The Illinois Supreme Court, over dissent, recently reaffirmed the principle that an original action for a writ of prohibition is not to be used as a substitute for an appeal in pending litigation. Edwards v. Atterberry, 2019 IL 123370.
A jury found the petitioner, Edwards, guilty of two misdemeanor violations of the Timber Buyers Licensing Act, 225 ILCS 735/1 et seq. Specifically, he was charged with the offense of unlawfully acting as a timber-buying agent for multiple licensed timber buyers.
Following conviction he filed a motion with the Supreme Court for a supervisory order and for leave to file a complaint for a writ of prohibition. Essentially he sought to establish that he was charged with violating regulations and not a statute defining a criminal offense. He claimed, therefore, that the trial court lacked subject-matter jurisdiction. The relief he sought was directed against the trial court judge, Judge Michael L. Atterberry, of the Menard County Circuit Court.
As an initial matter, the Supreme Court denied the motion for a supervisory order but granted Edwards leave to file a complaint for a writ of prohibition with the Court. Pending disposition of the complaint, the Court stayed the circuit court proceedings, including the conducting of a sentencing hearing.
Following briefing, Justice Rita B. Garman, writing for the Court, denied the writ. She began by noting that a writ of prohibition lies to prevent a judge from acting where he or she has no jurisdiction to act or to prevent a judicial act beyond the scope of a judge's legitimate jurisdictional authority.
The four requirements for the writ, according to Garman, are that (a) that the action to be prohibited be of a judicial or quasi-judicial nature; (b) the writ be directed against a tribunal of inferior jurisdiction; (c) the action being prohibited be outside the tribunal's jurisdiction, or if within its jurisdiction, beyond its legitimate authority; and (d) no other adequate remedy be available to the petitioner.
Garman focused just on the fourth requirement, concerning the available of an alternative remedy. She noted Edwards’ argument that the circuit court had already ruled that it had jurisdiction and, over his objection proceeded to trial.

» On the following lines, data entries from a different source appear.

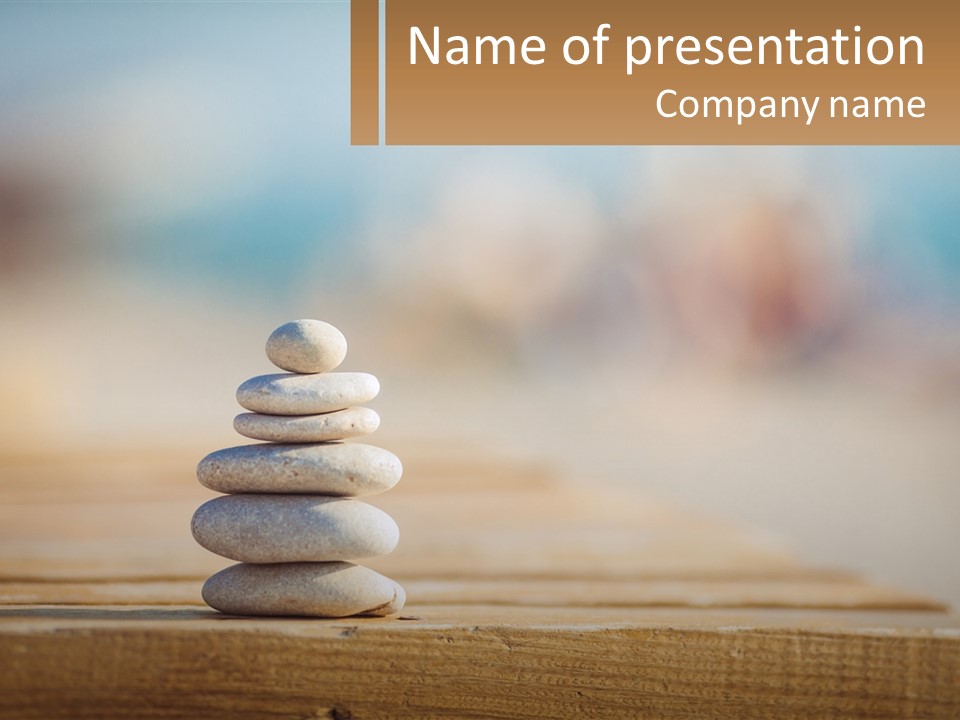 A Stack Of Rocks Sitting On Top Of A Wooden Table PowerPoint Template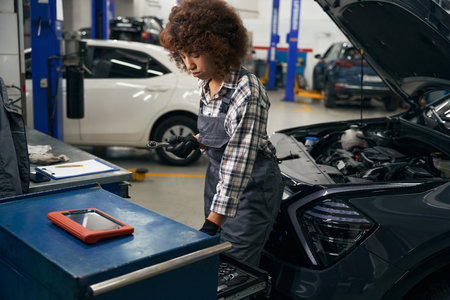Young auto repair worker in plaid shirt stands near carの写真素材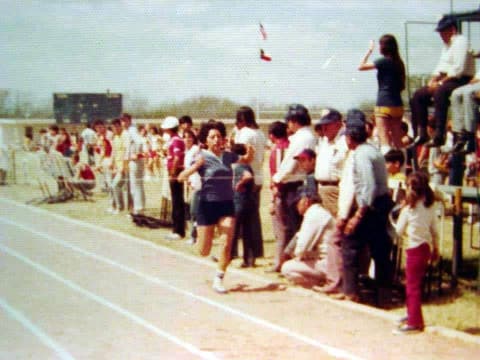 Spectators along the track at a meet.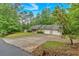 Charming ranch home featuring an attached two-car garage, long driveway, and well-manicured lawn at 161 Gann Cemetery Rd, Dallas, GA 30157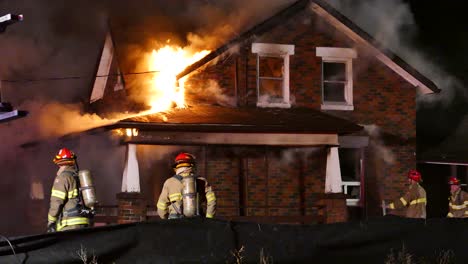 A-group-of-firefighters-battling-a-house-fire-in-Brampton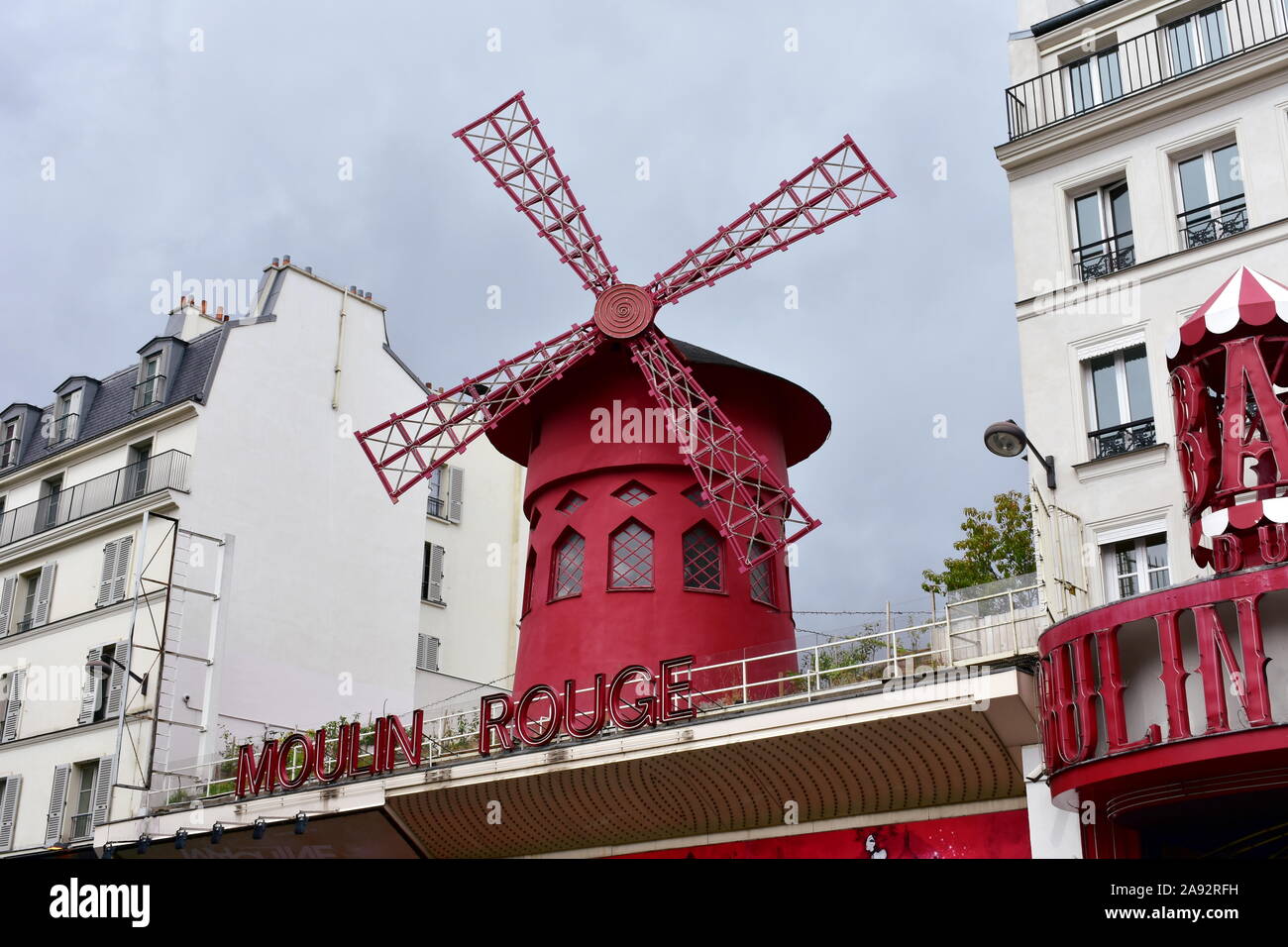 Famous Moulin Rouge cabaret located at Pigalle district close to Montmartre. Red windmill close-up. Paris, France. August 18, 2019. Stock Photo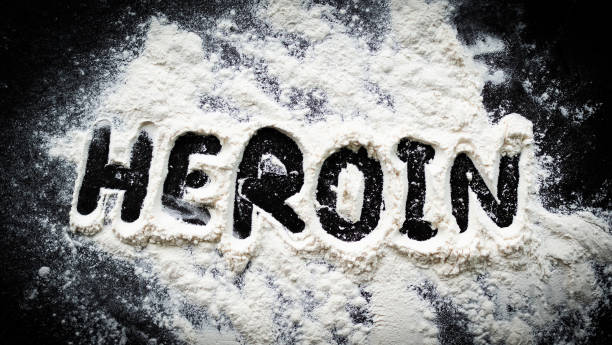 Heroin drug. powder heroin on dark black table background. stock photo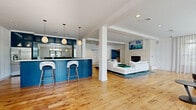 Located at 597 Westport Ave in Norwalk, CT, this thoughtfully designed single-floor amenity space offers a generous, open-concept layout that seamlessly connects multiple functional areas. Warm hardwood flooring runs throughout, unifying the space and complementing the clean, modern aesthetic defined by white paneled walls and recessed lighting.

The kitchen is a standout feature, showcasing bold navy-blue cabinetry with glass-front upper cabinets, stainless steel appliances including a side-by-side refrigerator and beverage cooler, a white quartz waterfall island with bar seating, and elegant pendant lighting overhead. It opens directly into the main lounge area, which centers around a stone-surround fireplace flanked by a plush white sectional sofa. Curated artwork adds a vibrant, creative touch to the walls.

The lounge extends into a bright seating area lined with floor-to-ceiling sheer-draped windows that flood the room with natural light and offer views of the surrounding greenery. Curved gray lounge chairs and high-top bistro tables provide flexible seating arrangements suited for both casual and social settings.

The game room is a lively retreat featuring a regulation pool table beneath a dramatic tiered pendant light, a glossy navy ceiling, a large wall-mounted TV, foosball table, and arcade games — all centered on a richly patterned area rug.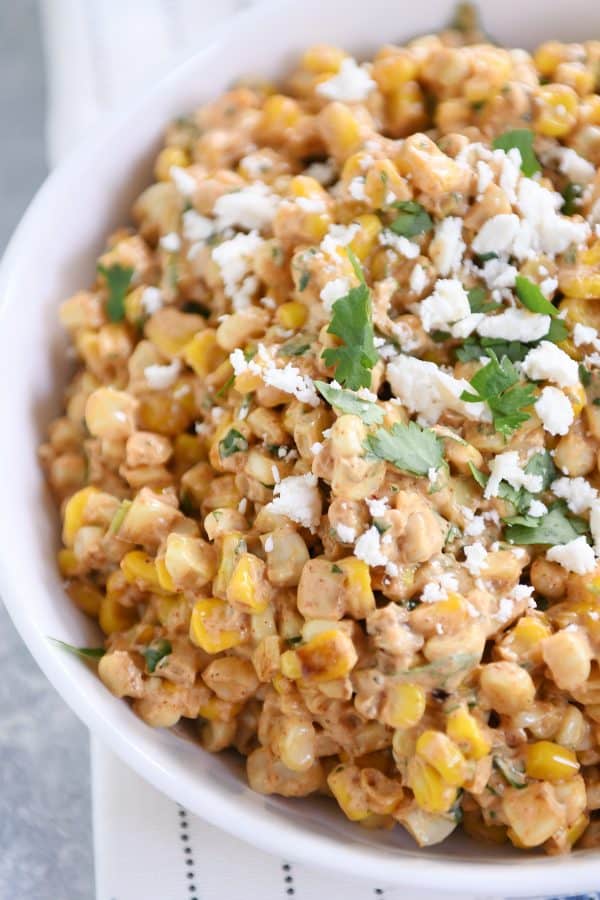 White bowl filled with Mexican street corn salad, topped with cilantro and lime.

Edwards claimed that he now could be sentenced to jail and that, based on his conviction, the Department of Natural Resources had already initiated proceedings against his license. He thus contended that he would be subject to irremediable harm if he were required to press his claim through the normal appellate process.
Garman observed, however, that Edwards' time to appeal had not expired, that the normal appellate process was fully available to him, and that original actions of prohibition could not be used to circumvent the normal appellate process. Rather, the remedy was available only in rare instances where none of the ordinary remedies were available or adequate.
As for Edwards' complaints that his timber buyer's license could be adversely affected and his livelihood harmed, Garman found that he was essentially complaining of collateral consequences that may occur pending appeal, and that such consequences can attend any normal appellate process.
The trial court, in any event, had not ordered that his license be revoked, he offered only a vague portrayal of the situation surrounding his timber buyer's license, and he provided no documentation of the license revocation proceedings. Under these circumstances, Garman said that Edwards had not demonstrated irremediable harm.
In sum, the Court found that Edwards had failed to demonstrate the requirement that an appeal of his conviction did not provide him an adequate alternative remedy. Hence, the Court denied issuance of the writ.
Justice Thomas L. Kilbride dissented. He argued that Edwards had been convicted of a regulatory offense that does not exist and that he had not even violated the regulation relied on by the state. Kilbride therefore argued that the Court should exercise its supervisory authority to direct the circuit court to vacate Edwards' convictions.
A petitioner seeking issuance of a writ of prohibition must meet all four traditional requirements for issuance of the writ, including the requirement that no other adequate remedy is available to the petitioner. Pursuing an appeal in the underlying litigation normally will constitute an adequate alternative remedy.